*What needs to be done*
Return, exactly and with nothing added, the line with "موقع في الجامعة" together with all lines after it through the end of the data below. No pictures belong in the copy.

*Records for the task*
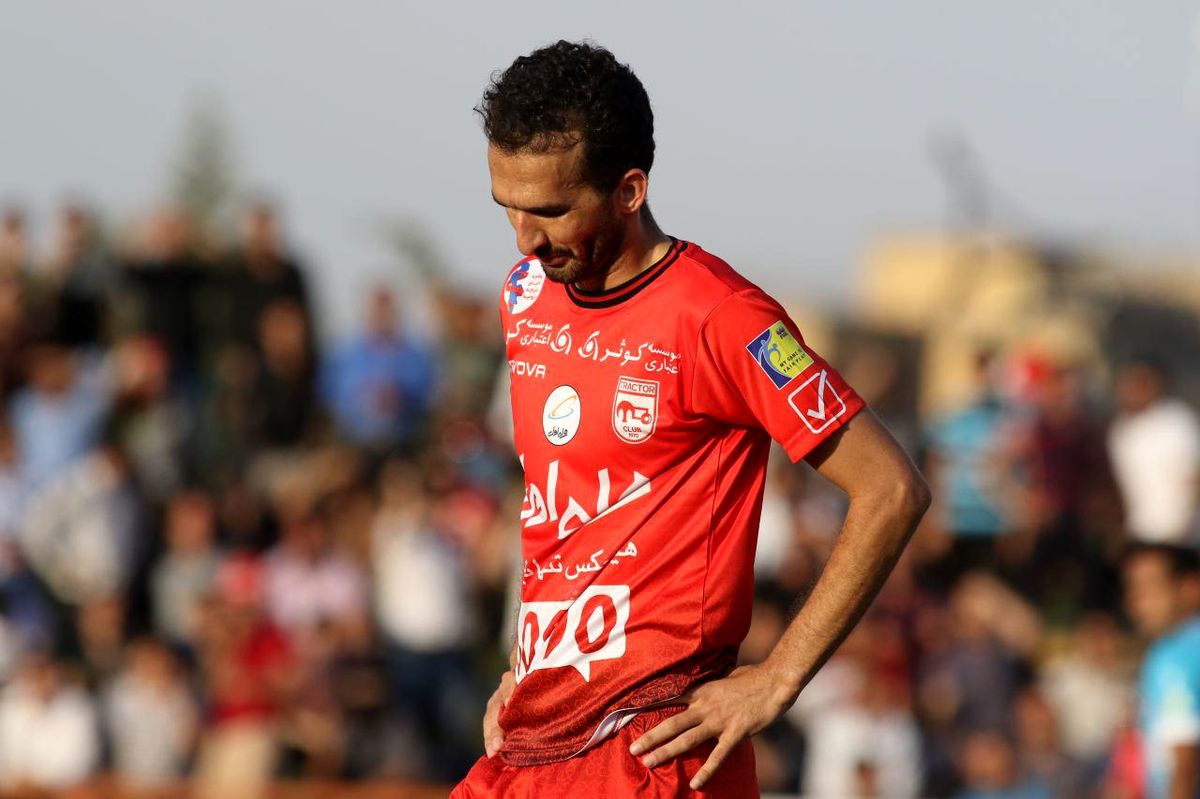 نوری به ماندن راضی شد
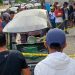 Lokasi penemuan mayat di eks jalan Bengawan Solo, Kelurahan Tapa, Kecamatan Sipatana, Kota Gorontalo, Jumat (12/5/2023). (f. istimewa)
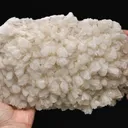 Baryte from Settlingstones Mine, England, UK - image 1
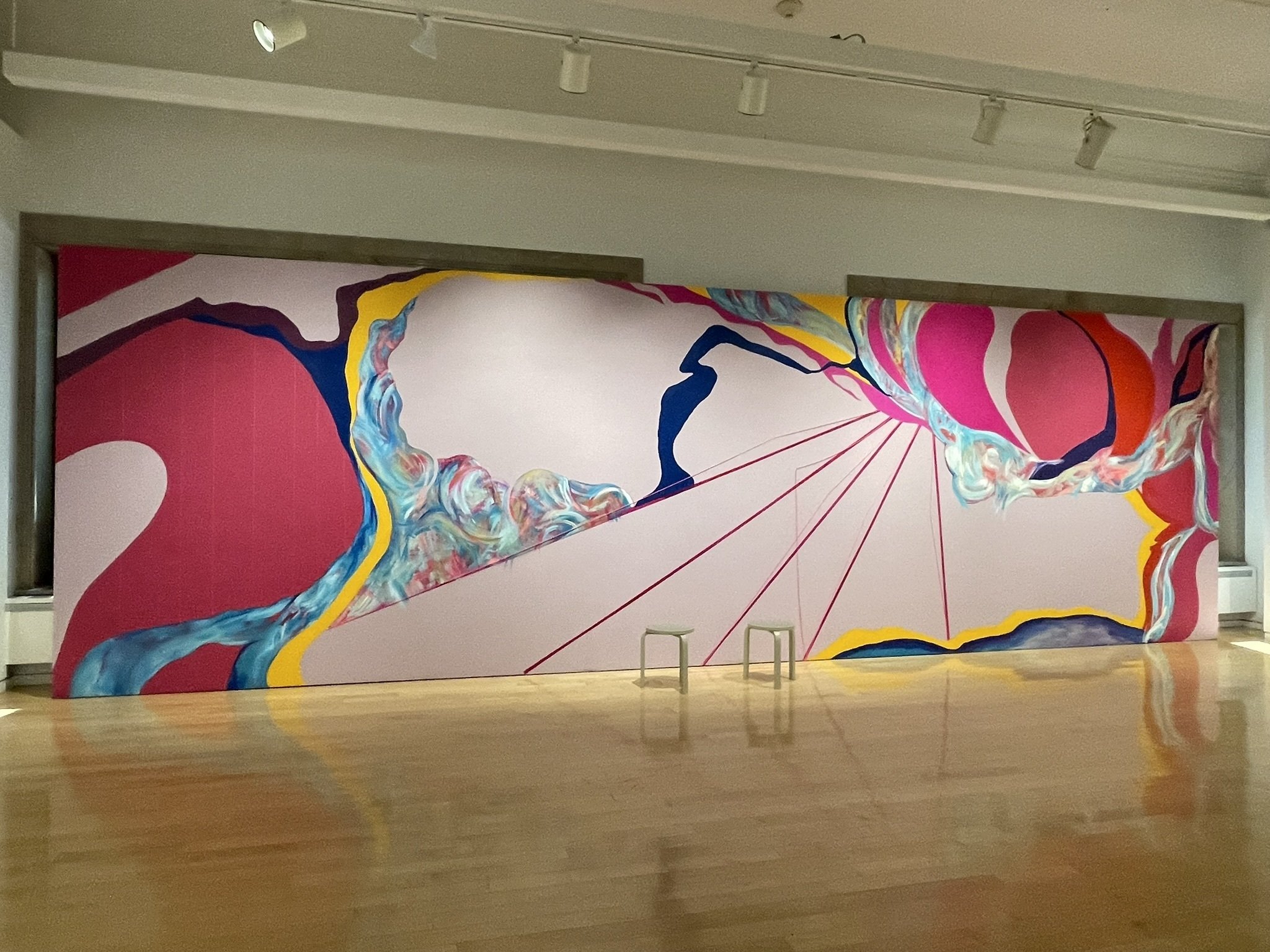 Chicagoの美術館巡り（連載）Chicago Cultural Center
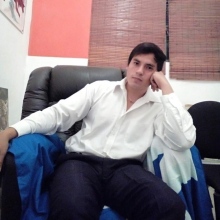 Dr. Jorge Arturo Jiménez Luna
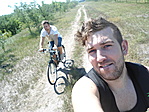 Bringával Bringával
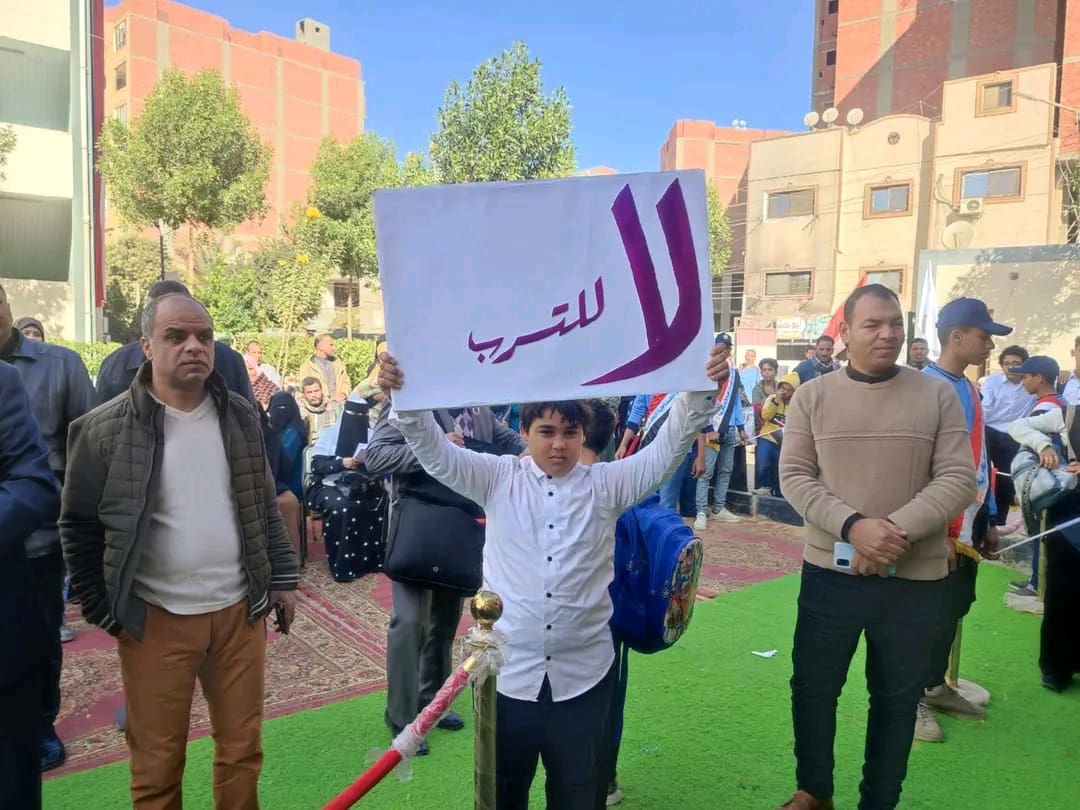 أبرزها التنمر والظروف الصحية.. وكيل تعليم الفيوم يكشف أسباب التسرب-صور 1 1734972872578 تعليم الفيوم أبرزها التنمر والظروف الصحية.. وكيل تعليم الفيوم يكشف أسباب التسرب-صور موقع في الجامعة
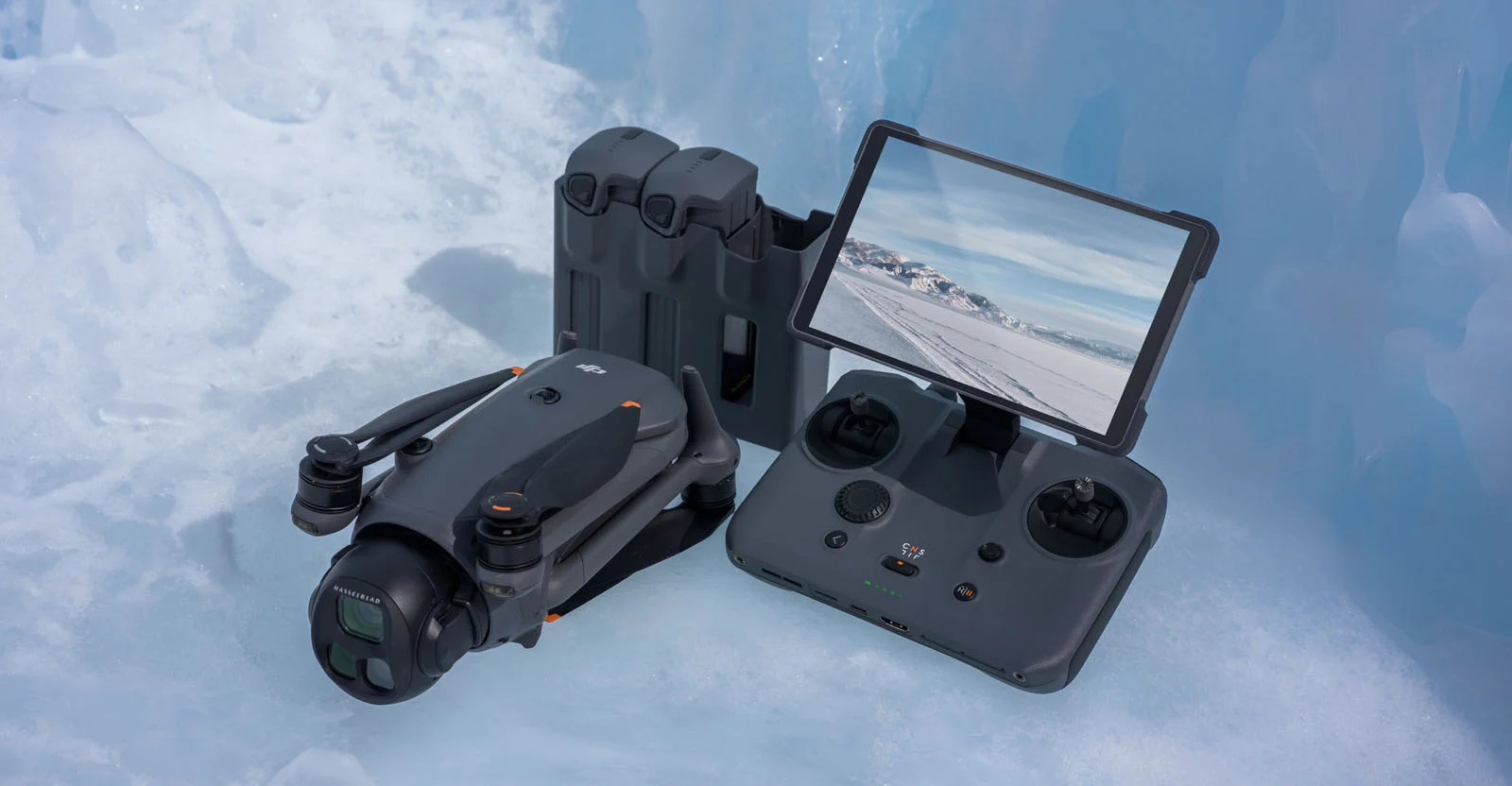 DJI Mavic 4 Pro 7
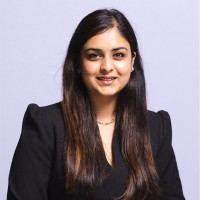 Vaidehi Chauhan
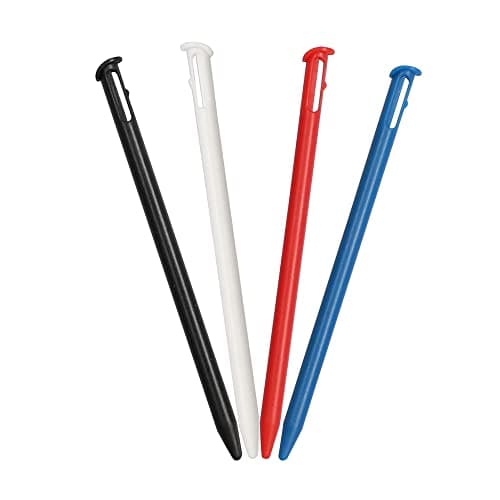 New 3DS Replacement Stylus
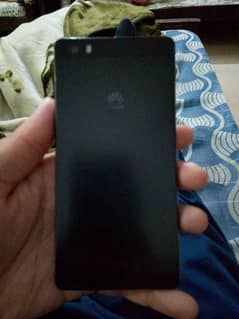 Huawei P 8 lite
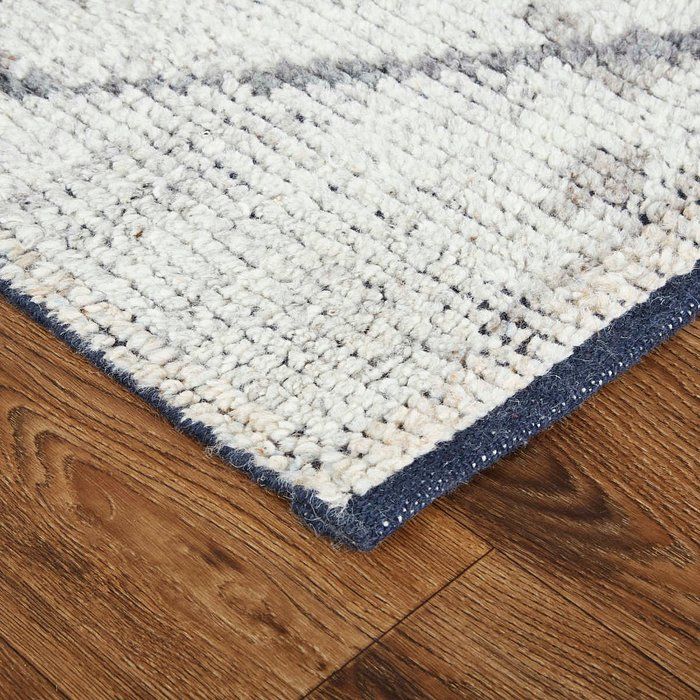 ALFORD Collection - 6925F Gray/Charcoal
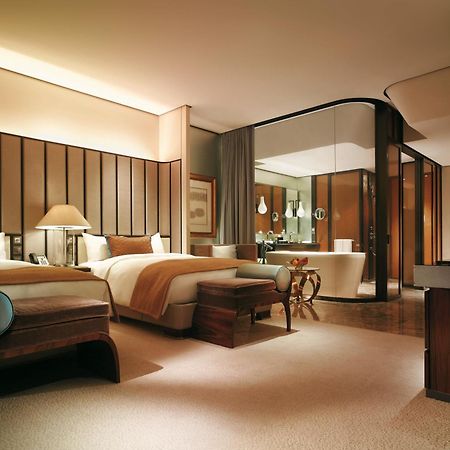 Mgm Macau Hotell Eksteriør bilde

*Expected output*
 أبرزها التنمر والظروف الصحية.. وكيل تعليم الفيوم يكشف أسباب التسرب-صور 1 1734972872578 تعليم الفيوم أبرزها التنمر والظروف الصحية.. وكيل تعليم الفيوم يكشف أسباب التسرب-صور موقع في الجامعة
 DJI Mavic 4 Pro 7
 Vaidehi Chauhan
 New 3DS Replacement Stylus
 Huawei P 8 lite
 ALFORD Collection - 6925F Gray/Charcoal
 Mgm Macau Hotell Eksteriør bilde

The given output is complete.